Scientific classification
- Kingdom: Animalia
- Phylum: Chordata
- Class: Aves
- Order: Columbiformes
- Family: Columbidae
- Genus: Columba
- Species: C. oenas
- Binomial name: Columba oenas Linnaeus, 1758

= Stock dove =

- Genus: Columba
- Species: oenas
- Authority: Linnaeus, 1758
- Conservation status: LC

Species of bird

The stock dove (Columba oenas) is a species of bird in the family Columbidae, the doves and pigeons. It is widely distributed in the western Palearctic, north to central Scandinavia and south to northwest Africa. Western and southern populations are resident, while northeastern populations are migratory to avoid the colder winters there. It is the type species of the genus Columba.

==Taxonomy==
The stock dove was first formally described by the Swedish naturalist Carl Linnaeus in 1758 in the tenth edition of his Systema Naturae. He placed it with all the other pigeons in the genus Columba and coined the binomial name Columba oenas. The specific name oenas is from the Ancient Greek οἰνάς oinás meaning "pigeon".

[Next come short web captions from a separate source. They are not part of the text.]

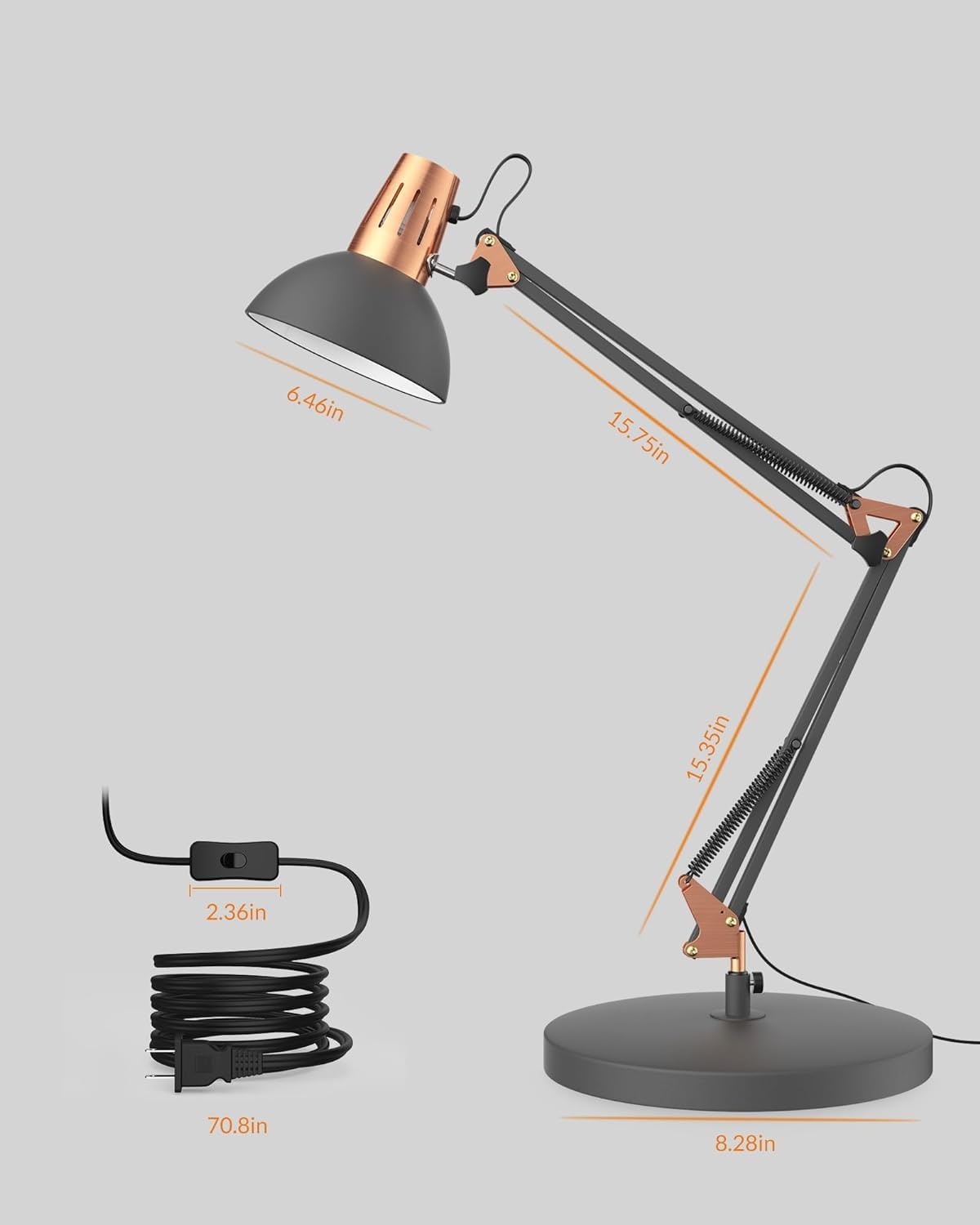 Adjustable Metal Gooseneck Desk Lamp with On/Off Switch - Swing Arm Clip-on Reading Light for Bedroom, Study & Office - Perfect for Late-Night Reading, Home Office Work & Dorm Room Study (Sandy Black)
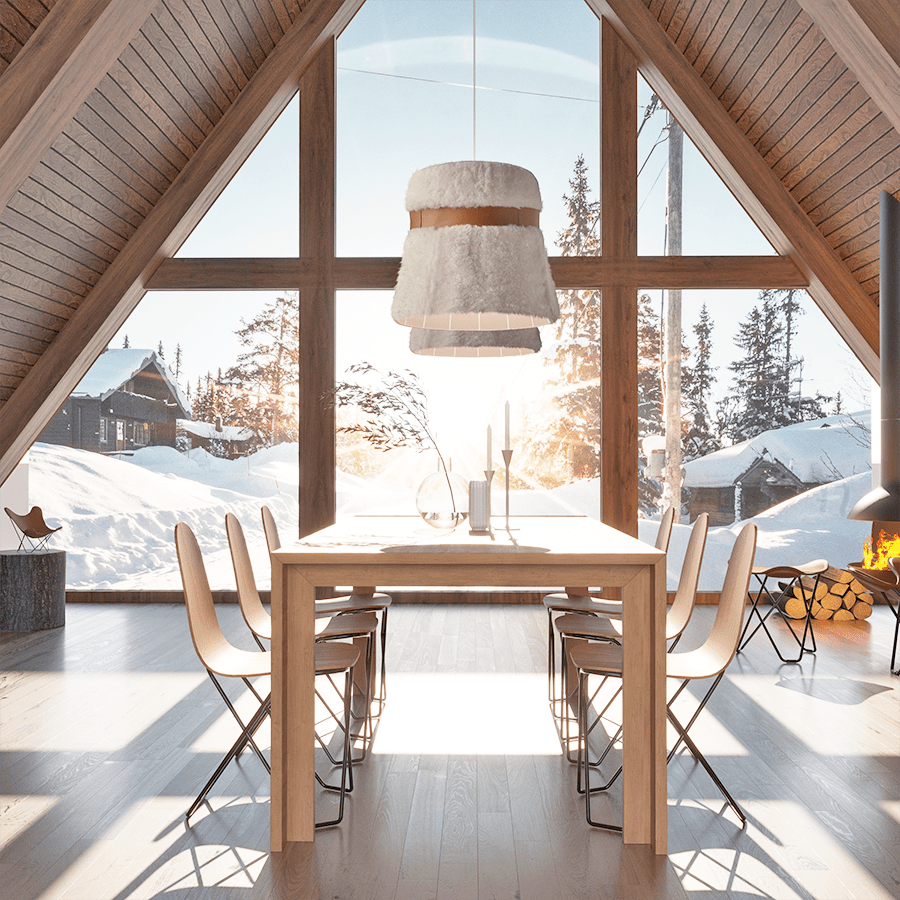 CUERO SHEEPSKIN AND LEATHER PENDANT LAMP SHADE - DYKE & DEAN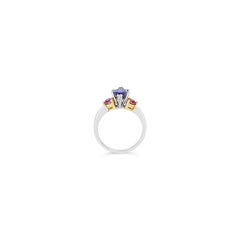 Grand Sample Sale Ring with Tanzanite, Pink Sapphire Set in 14K Two Tone Gold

Two subspecies are recognised:

- C. o. oenas Linnaeus, 1758 – western Europe and northwestern Africa east to northern Kazakhstan, southwestern Siberia and northern Iran.
- C. o. yarkandensis Buturlin, 1908 – southeastern Kazakhstan and Uzbekistan to western China; slightly paler than C. o. oenas.

==Description==
The stock dove is 28–34 cm long, with a wingspan of 60–66 cm and a weight of 303–365 g in males, 286–290 g in females. The plumage is a blue-toned grey, with two short dark grey to blackish wingbars on the tertials and greater coverts, and a broad dark grey bar at the tip of the tail. The breast is lightly suffused pinkish-purple, and the sides of the neck have an iridescent patch varying between green and purple depending on the angle of incident light. The eyes are dark, and the bill pink with a yellow tip. The male and female are indistinguishable on plumage, though males are slightly larger; juveniles are also similar, but lack the iridescent neck patch. In flight, the grey wings show a dark trailing edge; the underwing is also dark grey, unlike the white underwing of the rock dove. The short, deep, "grunting" Ooo-uu-ooh call is quite distinct from the modulated cooing notes of the common wood pigeon.

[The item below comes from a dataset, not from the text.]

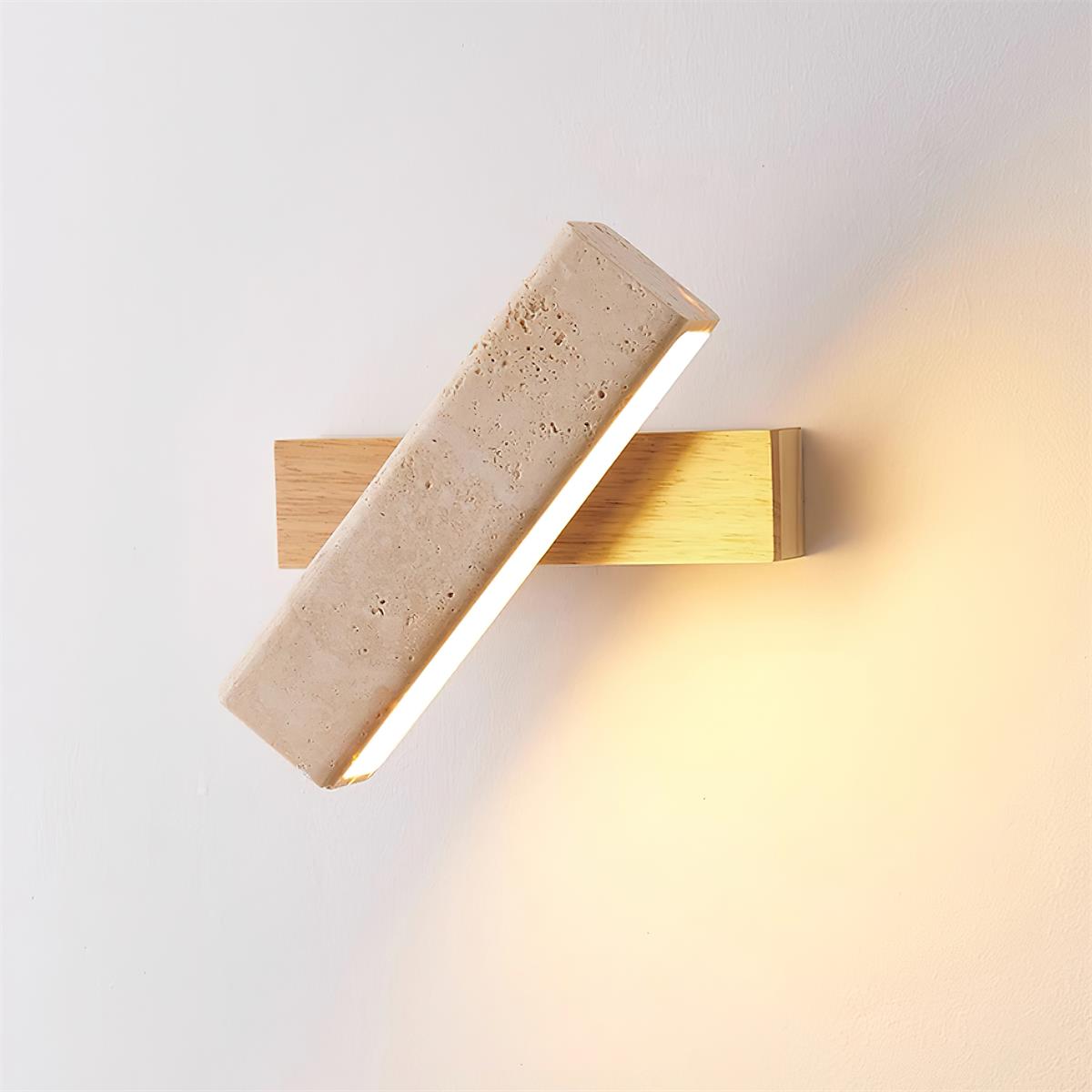 Novra Travertine Rotating Wall Lamp-Neutral Decor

The stock dove belongs to the genus Columba in the pigeon family. Members of this family are typically pale grey or brown, sometimes with white markings on the head or neck, and usually with iridescent green or purple patches on the neck and breast. The neck feathers may be stiffened and aligned to form grooves, though this is less obvious in this species. The three western European Columba pigeons have distinctive characteristics. The common wood pigeon can be easily identified by its large size, pale yellow eyes, and the white on its neck (in adults) and wings. The rock dove and stock dove are more similar in size and plumage, but wild specimens of the former have brighter eyes and a white rump, as well as two distinct dark bars on the wing, while the rump of the stock dove is grey and its wing bars are incomplete.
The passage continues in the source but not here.